There was a fascinating short story in the Oct 13 issue of the New Yorker about 38-year-old woman, a 44-year-old man and his 71-year-old mother, a retired professor of zoology who had long kept most people at bay with her coldness.
The story hinges on the sly feints all three make in the direction of what some stories might call love, but that this story suggests is making do. Neither the man nor the woman is the slightest bit interested in marrying anyone let alone each other, but for reasons we at first don’t understand the mother is trying to arrange a union.
Set in modern-day Beijing the story (“Gold Boy, Emerald Girl” by Yiyun Li) reveals its secrets slowly. The son, we learn, is a gay man who has lived abroad in Canada and the US for 20 years and been much disappointed in love. After helping to support his last lover through college, he was dumped with the glib excuse that they were just having fun. The woman has never married — and has been much pitied for her spinsterhood — but has been in love for years (though in ways never specified) with the older woman, who in turn may have had a lesbian affair in the distant past. The older woman acknowledges the younger’s many kindnesses but barely tolerates her presence. Sometimes she invites her over for a special occasion and sometimes she doesn’t.
Depending on your point of view these people are all either emotionally stunted or stymied or both. Nevertheless they eventually move toward a three-pointed ménage, arranged and housed by the mother, who doesn’t want to see her son make the same mistake she did.

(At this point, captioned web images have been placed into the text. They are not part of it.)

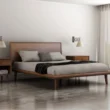 Aurora Solid Wood Bed in light walnut platform bed in a bed room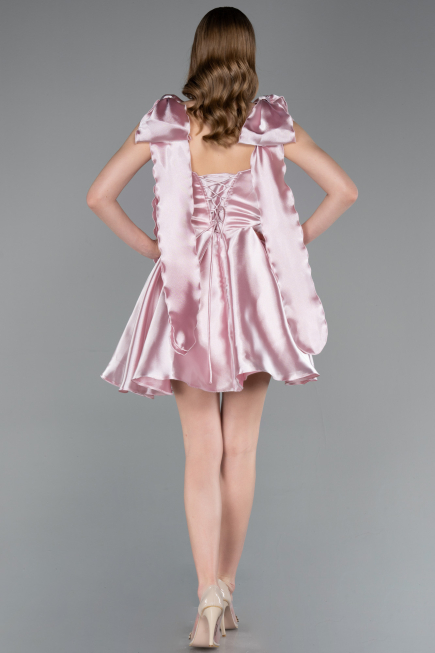 Robe de Cérémonie Courte Satin Poudre ABK2607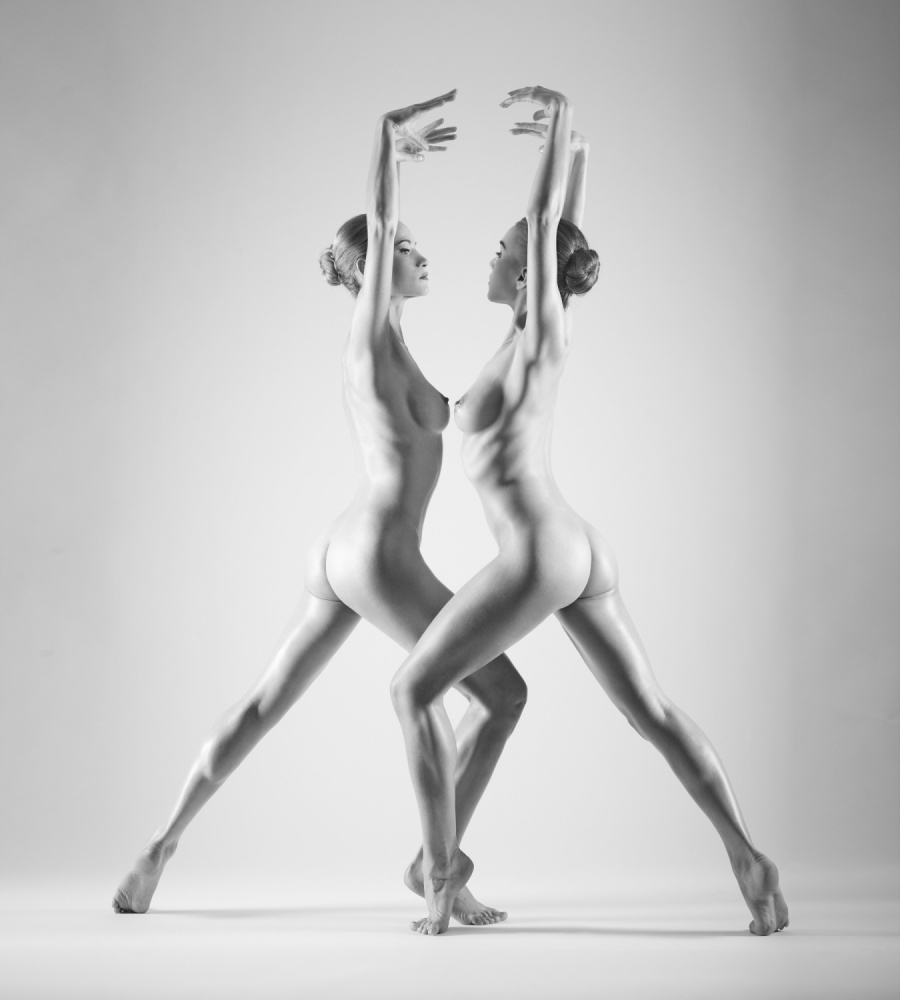 Nude Dancers in Symmetry by Arkadiusz Branicki — canvas wall art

“They were lonely and sad people,” concludes the story, “all three of them, and they would not make one another less sad, but they could, with great care, make a world that would accommodate their loneliness.”
That’s not exactly a ringing endorsement of arranged marriages but the story itself is unbelievably touching (see for yourself at Newyorker.com/fiction) and it raises the interesting question of the will in relationships. The most striking thing about arranged marriages, after all, is not the fact that somebody else might choose a partner for you, but the idea that you can and should make it work — that it’s within your control.
The question is how much control? How far can we push our relationships? To what extent can we create them through intention alone?
Therapists usually suggest — in their veiled, sideways way — that some sort of intention is necessary. Love’s not enough. You must make a conscious choice, a willed decision — a commitment — to stay with person X, otherwise you’ll drift and your love will wither in the bright light of everyday angst.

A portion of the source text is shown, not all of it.